# Effexor and alcohol



## jen83 (Dec 15, 2005)

I am taking 75 mg effexor and have been for about a month.  I was wondering if it is safe to drink about 3 or 4 coolers that have 7% alcohol.  New Years is approaching and I was told by a friend that it is safe to drink alcohol while on anti depressants, the meds just make you get drunk faster.  Does anyone have any advice??  Thanks
- jen


----------



## just mary (Dec 15, 2005)

Hi Jen,

My advice would  be to abstain.  I know it's easier said then done (trust me) but imagine how much better you'll feel in the morning.  



> the meds just make you get drunk faster



I don't like the sound of that.   Why would you want to get drunk faster?  I don't think it would do your body or mind any good.  And I really wonder how it would make you drunk faster?

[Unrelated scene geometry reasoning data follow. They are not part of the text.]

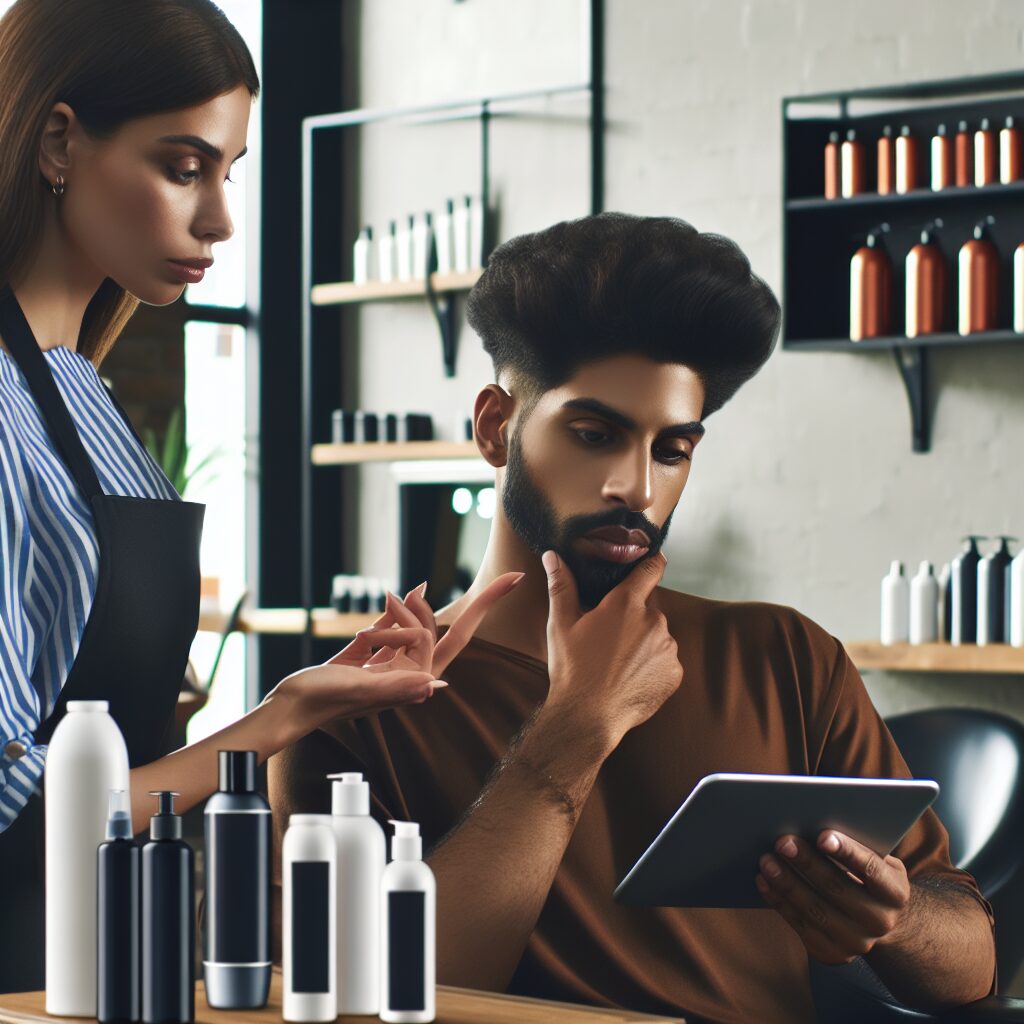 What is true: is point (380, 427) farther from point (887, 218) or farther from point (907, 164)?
point (907, 164)

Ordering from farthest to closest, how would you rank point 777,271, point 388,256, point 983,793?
point 388,256 < point 777,271 < point 983,793

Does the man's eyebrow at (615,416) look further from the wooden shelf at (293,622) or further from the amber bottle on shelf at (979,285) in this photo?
the wooden shelf at (293,622)

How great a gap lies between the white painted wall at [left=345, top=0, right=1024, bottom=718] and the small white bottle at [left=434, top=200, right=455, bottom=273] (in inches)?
7.0

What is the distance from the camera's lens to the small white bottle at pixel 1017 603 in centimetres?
446

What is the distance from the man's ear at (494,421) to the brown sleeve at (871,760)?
45 cm

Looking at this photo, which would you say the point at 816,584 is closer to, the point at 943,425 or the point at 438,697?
the point at 943,425

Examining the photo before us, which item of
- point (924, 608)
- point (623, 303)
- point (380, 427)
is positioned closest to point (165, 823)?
point (623, 303)

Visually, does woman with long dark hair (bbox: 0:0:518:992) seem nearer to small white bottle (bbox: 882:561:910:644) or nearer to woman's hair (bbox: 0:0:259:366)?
woman's hair (bbox: 0:0:259:366)

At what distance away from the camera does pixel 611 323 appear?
1.85m

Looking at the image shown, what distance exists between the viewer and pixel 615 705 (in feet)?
5.70

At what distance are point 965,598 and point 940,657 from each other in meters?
0.18

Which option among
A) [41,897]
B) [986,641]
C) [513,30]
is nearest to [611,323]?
[41,897]

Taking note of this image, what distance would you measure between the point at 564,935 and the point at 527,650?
1.05 ft

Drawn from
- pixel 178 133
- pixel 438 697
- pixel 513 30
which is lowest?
pixel 438 697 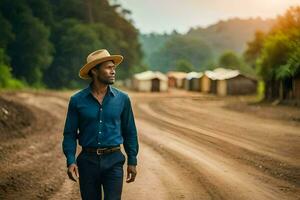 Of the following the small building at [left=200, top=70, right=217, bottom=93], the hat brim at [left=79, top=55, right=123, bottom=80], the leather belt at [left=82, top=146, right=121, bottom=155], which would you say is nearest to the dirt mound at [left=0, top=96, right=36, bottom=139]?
the hat brim at [left=79, top=55, right=123, bottom=80]

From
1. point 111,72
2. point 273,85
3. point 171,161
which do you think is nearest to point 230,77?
point 273,85

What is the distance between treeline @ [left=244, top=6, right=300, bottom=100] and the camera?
108 ft

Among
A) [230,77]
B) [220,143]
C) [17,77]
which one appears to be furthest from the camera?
[17,77]

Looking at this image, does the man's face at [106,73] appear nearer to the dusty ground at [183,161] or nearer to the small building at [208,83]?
the dusty ground at [183,161]

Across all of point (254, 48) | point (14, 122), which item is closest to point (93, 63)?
point (14, 122)

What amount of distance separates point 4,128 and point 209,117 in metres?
11.7

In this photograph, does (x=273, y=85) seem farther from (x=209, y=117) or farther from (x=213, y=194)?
(x=213, y=194)

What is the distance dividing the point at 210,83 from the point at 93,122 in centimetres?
5898

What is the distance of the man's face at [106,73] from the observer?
5.22 metres

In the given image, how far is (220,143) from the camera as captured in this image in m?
16.1

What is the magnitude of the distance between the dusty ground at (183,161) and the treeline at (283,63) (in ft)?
35.9

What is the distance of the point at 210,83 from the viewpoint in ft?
208

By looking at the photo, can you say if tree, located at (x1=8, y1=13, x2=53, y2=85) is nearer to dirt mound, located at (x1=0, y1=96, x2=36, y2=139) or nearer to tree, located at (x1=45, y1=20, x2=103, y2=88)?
tree, located at (x1=45, y1=20, x2=103, y2=88)

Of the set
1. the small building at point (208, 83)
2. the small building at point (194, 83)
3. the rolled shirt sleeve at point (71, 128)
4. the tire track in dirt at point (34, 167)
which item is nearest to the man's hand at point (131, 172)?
the rolled shirt sleeve at point (71, 128) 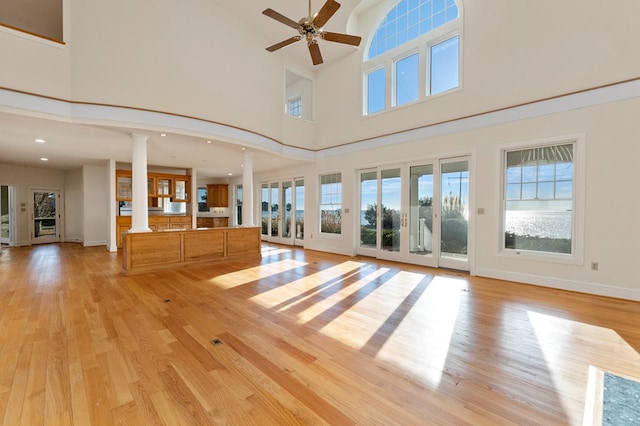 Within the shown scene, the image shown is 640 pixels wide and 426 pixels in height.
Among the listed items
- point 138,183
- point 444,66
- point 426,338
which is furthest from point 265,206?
point 426,338

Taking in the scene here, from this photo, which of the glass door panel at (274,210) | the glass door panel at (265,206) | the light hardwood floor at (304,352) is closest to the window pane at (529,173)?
the light hardwood floor at (304,352)

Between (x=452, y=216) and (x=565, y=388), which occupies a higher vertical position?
(x=452, y=216)

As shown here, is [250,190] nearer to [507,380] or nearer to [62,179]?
[507,380]

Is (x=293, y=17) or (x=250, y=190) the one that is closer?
(x=293, y=17)

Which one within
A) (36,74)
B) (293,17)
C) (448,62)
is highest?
(293,17)

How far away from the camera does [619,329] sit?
289cm

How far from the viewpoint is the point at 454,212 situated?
5602 mm

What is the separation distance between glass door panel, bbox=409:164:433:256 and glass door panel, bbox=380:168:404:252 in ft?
1.04

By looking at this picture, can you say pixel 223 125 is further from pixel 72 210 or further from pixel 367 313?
pixel 72 210

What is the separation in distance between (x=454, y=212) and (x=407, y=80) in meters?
3.24

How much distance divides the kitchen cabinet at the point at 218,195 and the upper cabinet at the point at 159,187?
96.7 inches

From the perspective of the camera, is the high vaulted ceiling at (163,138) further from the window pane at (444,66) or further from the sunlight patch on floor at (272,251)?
the sunlight patch on floor at (272,251)

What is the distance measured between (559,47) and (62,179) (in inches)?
560

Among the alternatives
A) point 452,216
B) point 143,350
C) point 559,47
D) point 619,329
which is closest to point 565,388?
point 619,329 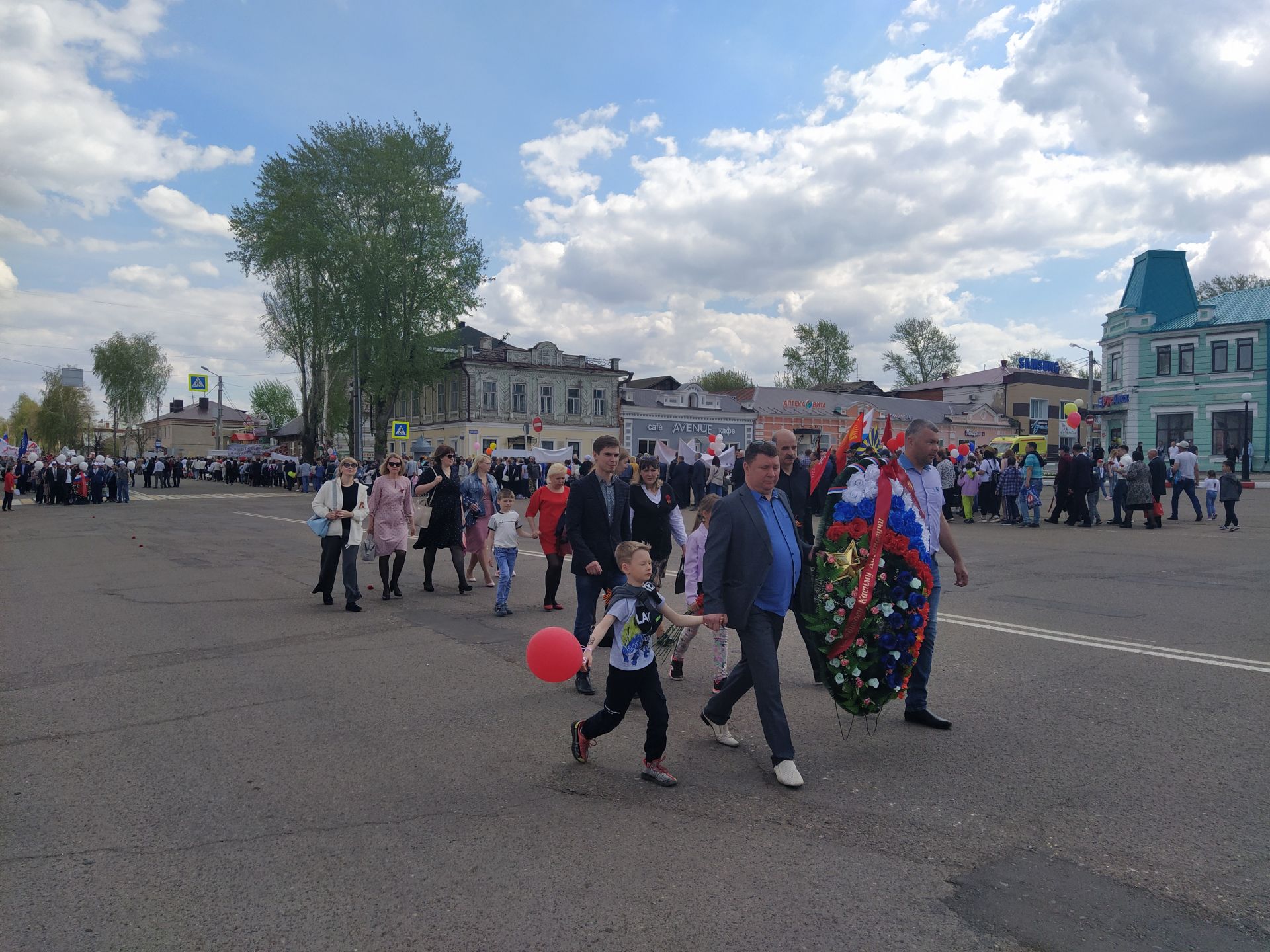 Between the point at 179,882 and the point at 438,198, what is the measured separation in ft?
148

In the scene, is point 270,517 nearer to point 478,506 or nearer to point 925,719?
point 478,506

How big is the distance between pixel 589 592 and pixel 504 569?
118 inches

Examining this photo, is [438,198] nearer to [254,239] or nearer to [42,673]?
[254,239]

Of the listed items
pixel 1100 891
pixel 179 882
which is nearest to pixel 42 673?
pixel 179 882

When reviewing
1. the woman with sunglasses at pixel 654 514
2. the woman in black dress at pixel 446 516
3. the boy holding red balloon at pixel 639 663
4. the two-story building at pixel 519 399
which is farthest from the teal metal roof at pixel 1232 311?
the boy holding red balloon at pixel 639 663

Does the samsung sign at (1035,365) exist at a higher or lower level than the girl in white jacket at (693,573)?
higher

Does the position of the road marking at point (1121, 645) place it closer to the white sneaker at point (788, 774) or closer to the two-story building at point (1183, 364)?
A: the white sneaker at point (788, 774)

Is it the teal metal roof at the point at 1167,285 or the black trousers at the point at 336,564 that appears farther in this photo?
the teal metal roof at the point at 1167,285

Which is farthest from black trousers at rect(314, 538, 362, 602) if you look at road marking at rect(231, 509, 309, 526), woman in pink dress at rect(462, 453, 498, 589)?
road marking at rect(231, 509, 309, 526)

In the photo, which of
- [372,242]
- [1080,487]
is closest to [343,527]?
[1080,487]

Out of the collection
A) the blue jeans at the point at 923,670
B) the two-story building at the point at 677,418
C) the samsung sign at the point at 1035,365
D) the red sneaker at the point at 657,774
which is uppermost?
the samsung sign at the point at 1035,365

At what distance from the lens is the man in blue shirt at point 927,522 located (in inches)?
222

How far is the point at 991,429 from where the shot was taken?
70.1 m

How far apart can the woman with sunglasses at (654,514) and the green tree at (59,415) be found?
102 metres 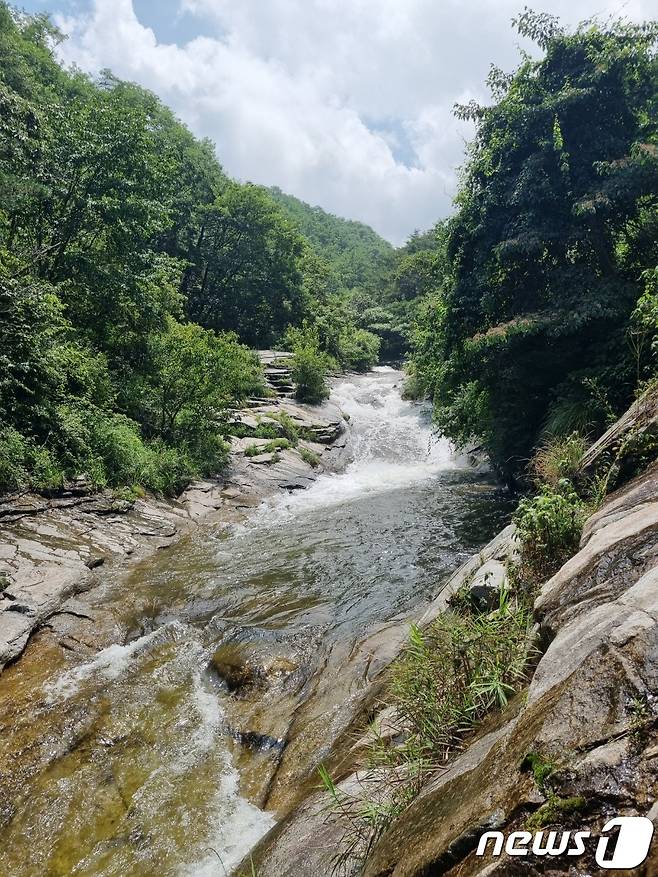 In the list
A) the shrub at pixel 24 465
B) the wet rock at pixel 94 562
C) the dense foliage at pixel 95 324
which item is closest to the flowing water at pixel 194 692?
the wet rock at pixel 94 562

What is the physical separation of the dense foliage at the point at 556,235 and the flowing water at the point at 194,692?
128 inches

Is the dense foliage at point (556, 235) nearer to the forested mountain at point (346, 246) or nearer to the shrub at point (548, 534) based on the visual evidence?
the shrub at point (548, 534)

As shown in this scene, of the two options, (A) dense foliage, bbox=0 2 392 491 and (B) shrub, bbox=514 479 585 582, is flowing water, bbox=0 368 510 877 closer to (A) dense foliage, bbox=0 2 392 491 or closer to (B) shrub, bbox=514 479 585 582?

As for ideas on how to get through new year's eve without alcohol, I'm not sure what to say.  You might ask yourself why you want to drink and go from there.  I'm sorry I can't offer better suggestions on abstaining but I do wish you all the best.

Take care,


----------



## David Baxter PhD (Dec 15, 2005)

The general rule of thumb I give to clients is to assume 2-for-1... that is, after one drink, it will feel like; after 2, it'll feel like 4, etc.

If it's only for one night and you don't go overboard, *and you have no other medical issues in the mix*, it probably will be okay.

Check with your family doctor if you can.


----------



## just mary (Dec 16, 2005)

So, it's okay to drink while you're on SSRI's?  I'm not being argumentative, I'm just looking for a striaght answer.

Thanks.


----------



## David Baxter PhD (Dec 16, 2005)

In moderation and on a social, occasional, not-every-day basis, one or two drinks is not the end of the world and probably won't hurt, *providing you are not taking other medications or have an additional medication that would increase the risk of things like liver toxicity*... hence the warning to check with your doctor.

On the other hand, if you have any one of a number of medical conditions (I'm not a physician but I expect that would include hypoglycemia or diabetes, liver or bladder or kidney problems, edemia, heart disease, or previous history of chronic alcohol abuse), the added stress of metabolizing and excreting the alcohol might be problematic.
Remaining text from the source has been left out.